This filter technique is used for point tracking and they 
are based on Optimal Recursive Data Processing 
Algorithm. This filter technique performs the restrictive 
probability density propagation. Kalman filter [16] is a set 
of mathematical equations that provides an efficient 
Computational (recursive) means to estimate the state of a 
process in several aspects: it supports estimations of past, 
present, and even future states, and it can do the same 
even when the precise nature of the modeled system is 
unknown. It estimates a process by using a form of 
feedback control. The filter estimates the process state at 
some time and then obtains feedback in the form of noisy 
measurements. The equations for Kalman filters fall in 
two groups: time update equations and measurement 
update equations. The time update equations are 
responsible for projecting forward (in time) the current 
state and error covariance estimates to obtain the priori 
estimate for the next time step. The measurement update 
equations are responsible for the feedback. Kalman filters 
always give optimal solutions. 

3.6 Contour Tracking 

Contour tracking methods [17], iteratively progress a 
primary contour in the previous frame to its new position 
in the current frame. This contour progress requires that 
certain amount of the object in the current frame overlay 
with the object region in the previous frame. Contour 
Tracking can be performed using two different 
approaches. The first approach uses state space models to 
model the contour shape and motion. The second 
approach directly evolves the contour by minimizing the 
contour energy using direct minimization techniques such 
as gradient descent. The most significant advantage of 
silhouettes tracking is their flexibility to handle a large 
variety of object shapes. 

3.7 Multi-object Data Association & State Estimation 

Kalman filter, extended kalman filter and particle give 
very good results when the objects are not close to each 
other. For tracking multiple objects in the video 
sequences by using Kalman or particle filters, the most 
likely measurement for a particular moving object needs 
to be associated with the object’s state. This is called the 
correspondence problem [20]. So for multiple objects 
tracking the most important step we have solved is the 
correspondence problem before kalman or particle filters 
are applied.
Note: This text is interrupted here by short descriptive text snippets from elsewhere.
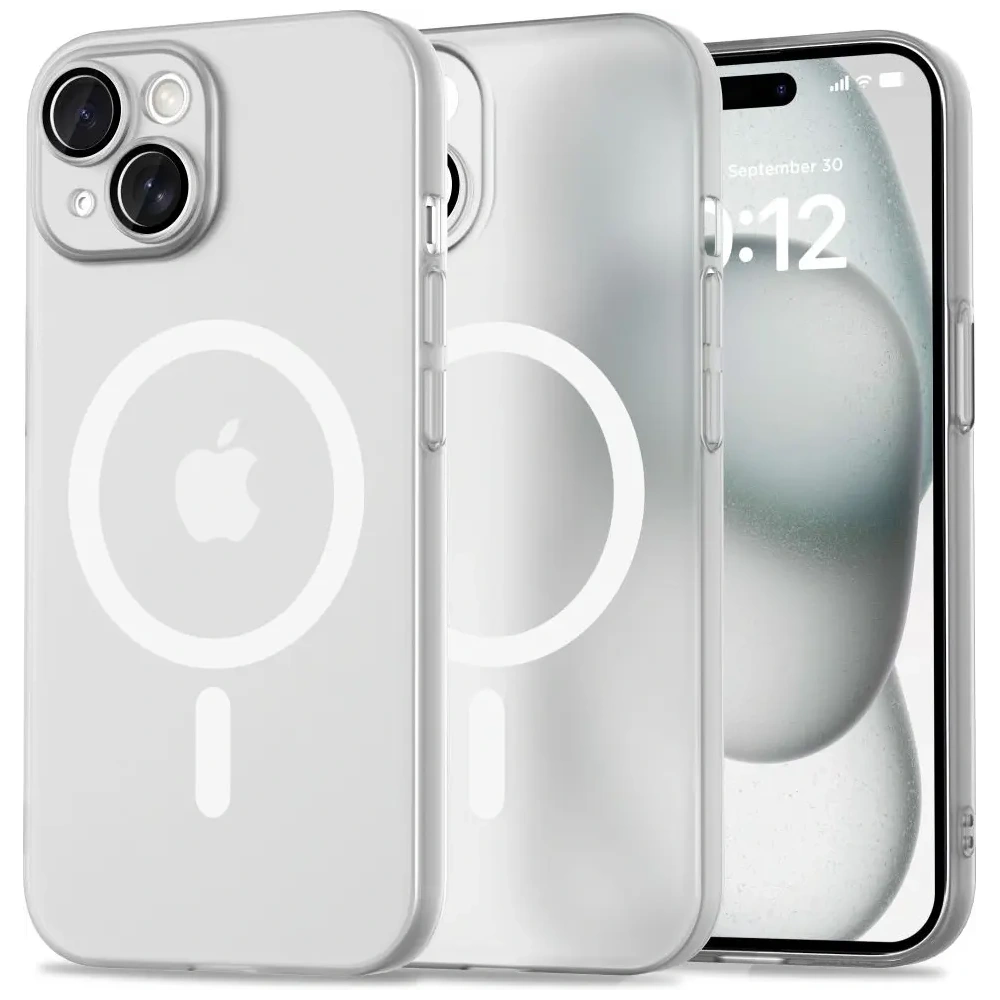 Etui Tech-Protect Magslim MagSafe Apple iPhone 15 Matte/White - iPhone 15 - Tech-Protect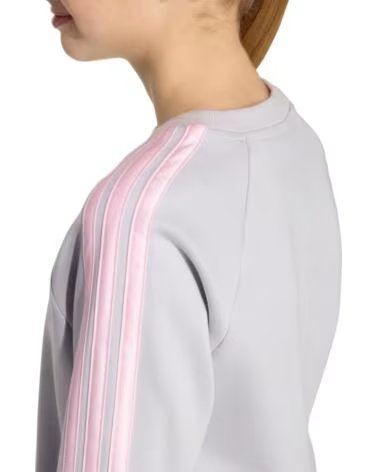 ADIDAS SUDADERA NIÑA GRIS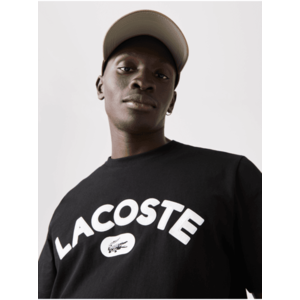 Čierne pánske tričko Lacoste vyobraziť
Nearest neighbor approach is the very 
simplest method to solve the correspondence problem. 
Data Association algorithms are used to associate the 
objects state like position, velocity, size with the available 
filters. Some of the methods to solve the data association 
are Linear Assignment problem (LAP), Stable Marriage 


problem (SMP) and Munkers algorithm etc. However the 
correspondence problem is hard to deal with when the 
moving objects are close to each other, and then the 
correspondence shows incorrect results. These filters fail 
to converge when incorrectly associated measurement 
occurs. There exist several statistical data association 
techniques to tackle this problem. Two mostly used 
techniques for data association in this complex scenario 
are Joint Probability Data Association Filtering (JPDAF) 
and Multiple Hypothesis Tracking (MHT). 

3.8 Multiple Hypothesis Tracking (MHT) 

Multiple hypotheses tracking (MHT) [18] is generally 
accepted as the preferred method for solving the data 
association problem in modern multiple target tracking 
(MTT) systems. It is an iterative algorithm, several frames 
have been observed for better tracking outcomes. Iteration 
begins with a set of existing track hypotheses. Each 
hypothesis is a crew of disconnected tracks. For each 
hypothesis, a prediction of object’s position in the 
succeeding frame is made. The predictions are then 
compared by calculating a distance measure. MHT is 
capable of tracking multiple object, handles occlusions 
and calculation of optimal solutions. 

3.9 Mean Shift Method 

Mean-shift tracking [21] tries to find the area of a video 
frame that is locally most similar to a previously 
initialized model. The image region to be tracked is 
represented by a histogram. A gradient ascent procedure 
is used to move the tracker to the location that maximizes 
a similarity score between the model and the current 
image region. In object tracking algorithms target 
representation is mainly rectangular or elliptical region. It 
contain target model and target candidate. To characterize 
the target color histogram is chosen. Target model is 
generally represented by its probability density function 
(pdf). Target model is regularized by spatial masking with 
an asymmetric kernel. 

IV. CONCLUSION 

Object detection and tracking is becomes much essential 
these days. It is used in various surveillance system 
applications such as Traffic Monitoring, understanding of 
human activity, observation of people and vehicles within 
a busy environment, Security in Shopping Malls or 
Offices etc. Various techniques and algorithm has been 
developed to detect and track the motion of the video 
objects but those has some advantages and disadvantages. 
In this we present literature review about different 
approaches with their merits and demerits. In future work 
overcome the drawbacks of the above techniques design 
an algorithm by using the useful features of two or more 
approach which helps in detection and tracking the video 
object more accurately for the particular application.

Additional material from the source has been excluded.